Commission v Germany
A charge will not fall within Art 30 where:
- It relates to internal taxes
- It constituted payment for a service rendered
- It attaches to inspections required by EU law
Lutticke
Art 30:
CEEs and Internal taxation are mutually exclusive.
Art 110:
Art 110 has direct effect
Bresciani
For a charge to constitute payment for services rendered, it must specifically benefit the trader.
Commission v Belgium (Customs Warehouses)
For a charge to constitute payment for services rendered, the service must be provided at the request of the importer.
Commission v Germany (Animal Inspections)
A charge imposed to cover the costs of an inspection is not a CEE where the inspection is required by EU law to promote free movement of goods. Four requirements for this:
- Charge must not exceed actual costs of inspections
- Inspections must be obligatory and uniform for all the relevant products in the Union.
- The inspections must be prescribed by EU law in the general interest of the Union.
- The inspections must promote the free movement of goods, in particular by neutralising obstacles that could have arisen from unilateral inspection measures.
Commission v Netherlands
A charge for inspections carried out as a result of rules imposed by international treaties is not a CEE.
Commission v France (Reprographic Machinery)
A tax regulated by Article 110 is one which: relates to a system of internal dues applied systematically to categories of products in accordance with objective criteria irrespective of the origin of the products even where domestic production of the goods is negligible or non-existent.
Dansk Denkavit
An example of an internal tax.
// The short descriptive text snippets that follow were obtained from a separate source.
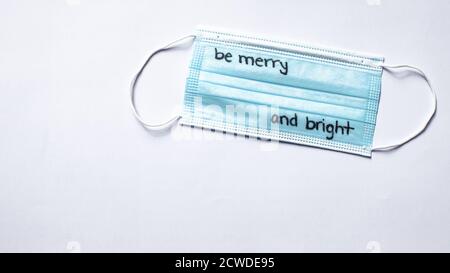 Una maschera medica con scritto 'Be Merry e Bright' La maschera per il Natale e le vacanze durante la corona Pandemia virale Foto Stock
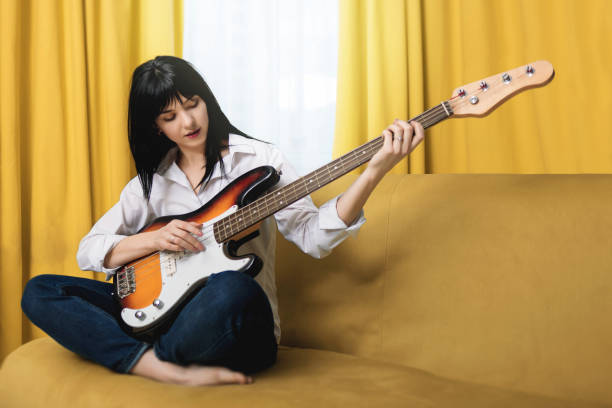 bonita mujer joven teniendo sus piernas cruzadas tocando algún disco o ejercicio en el bajo de la guitarra sentado en el sofá en el estilo de vida casero - bass guitar fotografías e imágenes de stock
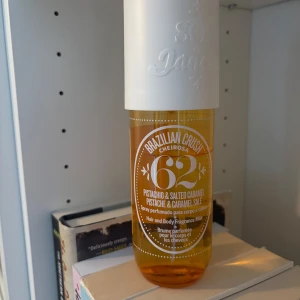 Sol de Janeiro Brazilian Crush 62 - Fräsch och söt kroppsspray från Sol de Janeiro med doft av pistage och salt karamell. Flaskan är genomskinlig med gul vätska och har ett stort vitt lock. Perfekt för dig som älskar gourmanddofter och vill dofta somrigt och unikt. Se bild hur mycket det är kvar 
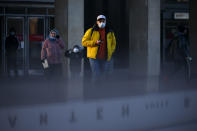 People wearing face masks to help curb the spread of the coronavirus walk into the underpass under the street during sunset in Moscow, Russia, Wednesday, Dec. 2, 2020. Russia has registered a record number of coronavirus deaths for a second straight day. Currently, there is a country-wide mask mandate and mostly mild restrictions that vary from region to region. (AP Photo/Alexander Zemlianichenko)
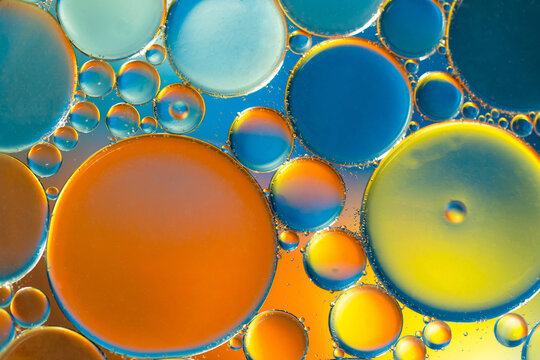 Closeup of abstract background with round shaped cells of vaccine of different sizes illuminated by colorful light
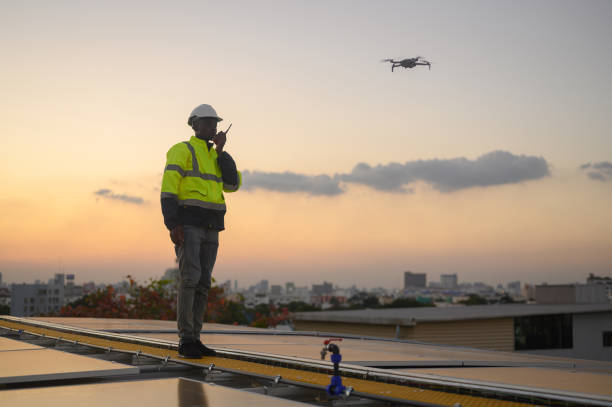 istock Male engineer works installing solar panels on the roof. Engineer or worker working on solar panels or photovoltaic cells on the roof of a business building. 1872553511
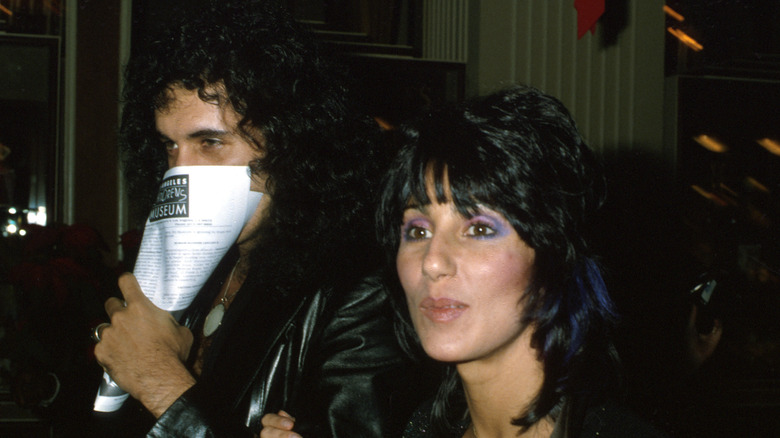 Gene Simmons covering his face walking next to Cher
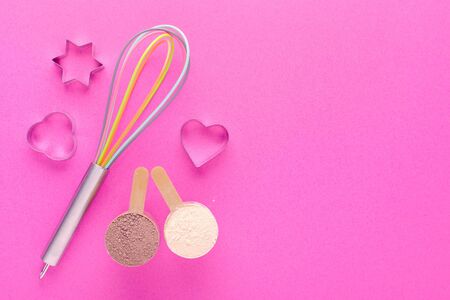 baking protein, fitness diet concept, pink background with copy spaceの写真素材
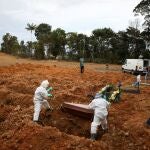 Gravediggers wearing protective clothing prepare to bury 78-year-old Lelito Jose Martins, who passed away due to the coronavirus disease (COVID-19), at the Parque Taruma cemetery in Manaus, Brazil April 17, 2020. REUTERS/Bruno Kelly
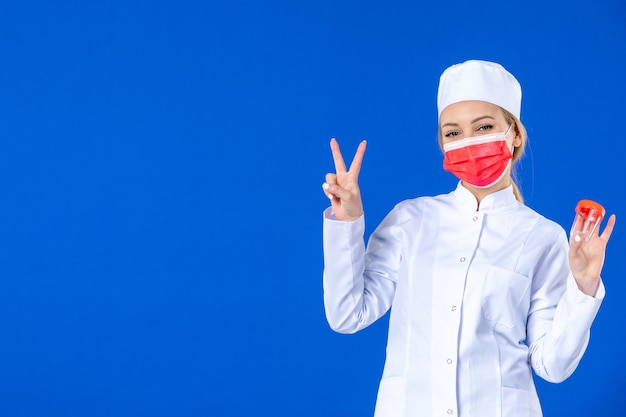 front view young nurse in medical suit with red mask holding flasks on blue background pandemic covid- medicine doctor health drug virus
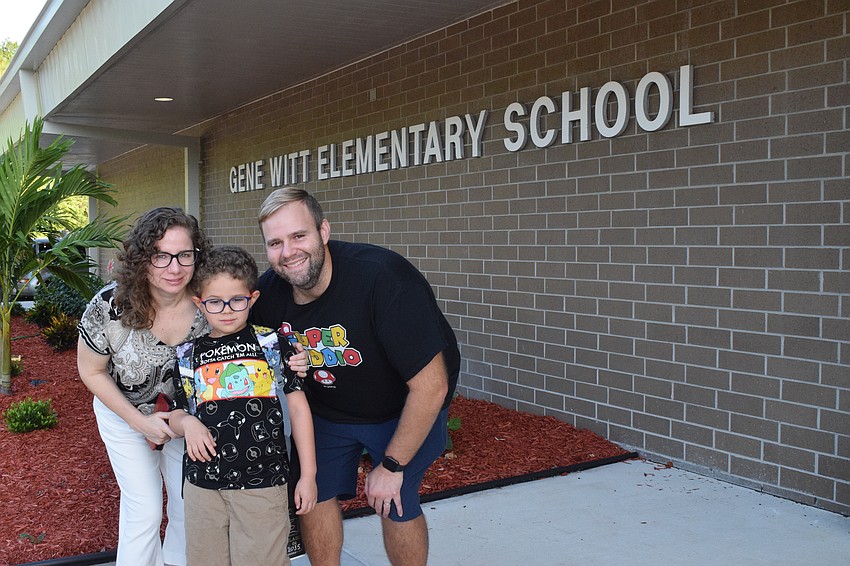 Myriam Neville, Dylan Neville, who is a first grader at Gene Witt Elementary School, and Mark Neville prepare for the first day of school. Dylan Neville is excited but a little nervous to become a bus rider.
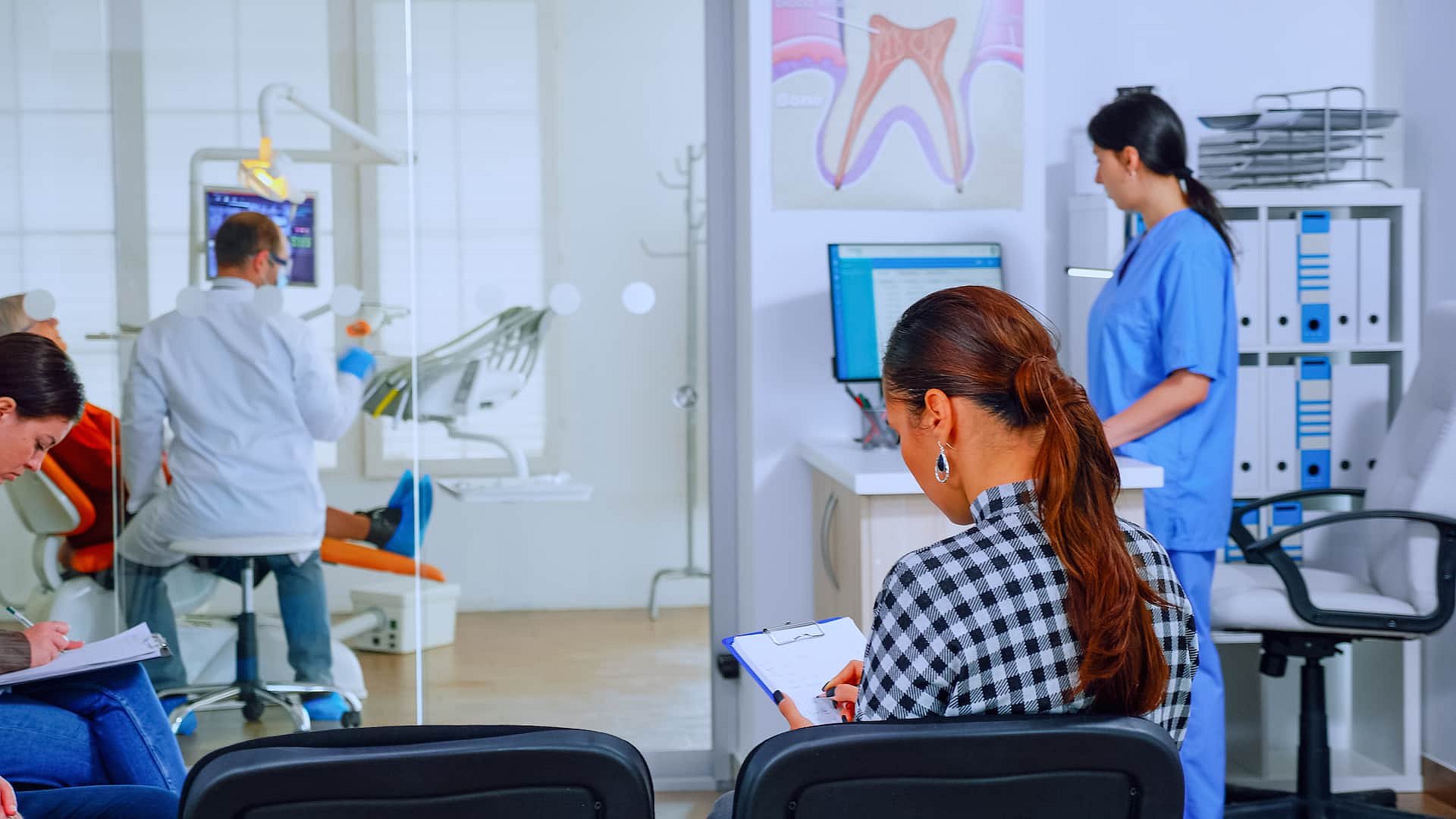 At Andros Orthodontics in Pasco, WA, patients wait in the clinic’s lobby—one fills out a clipboard as a dental professional discusses orthodontic insurance plans at a computer and another assists a patient in an exam room.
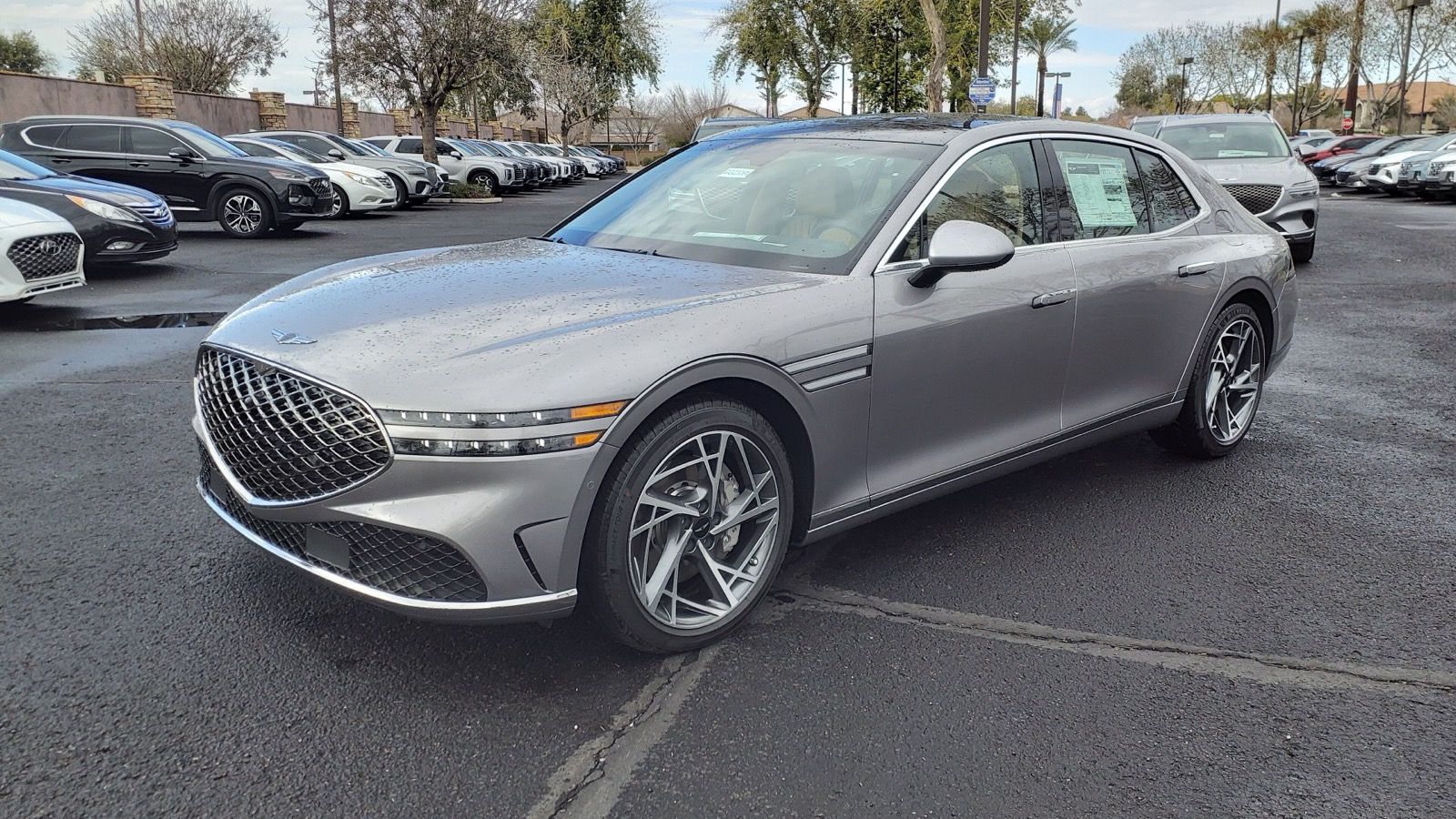 Silver 2023 Genesis G90 3.5T, front three-quarter view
Art 30 covers ‘any charge levied on the occasion or by reason of importation specifically affecting an imported product to the exclusion of a similar domestic product’.
Rewe-Zentrale
Sets out the test for whether goods are similar:
- Similar characteristics
- Meet the same needs from PoV of customers
Commission v France (Spirits)
Similarity:
Similarity between products is determined on the basis of similar and comparable use, not whether they are strictly identical in nature.
Art 101(2): Art 101(2) applies to goods that ‘without being similar within the meaning of the first paragraph, are nonetheless in competition, even partial, indirect or potential, with certain products of the importing country’. Competition is determined by an economic analysis based on substitutability.
Commission v Denmark
Characteristics are determined objectively, needs met from PoV of customers is determined subjectively.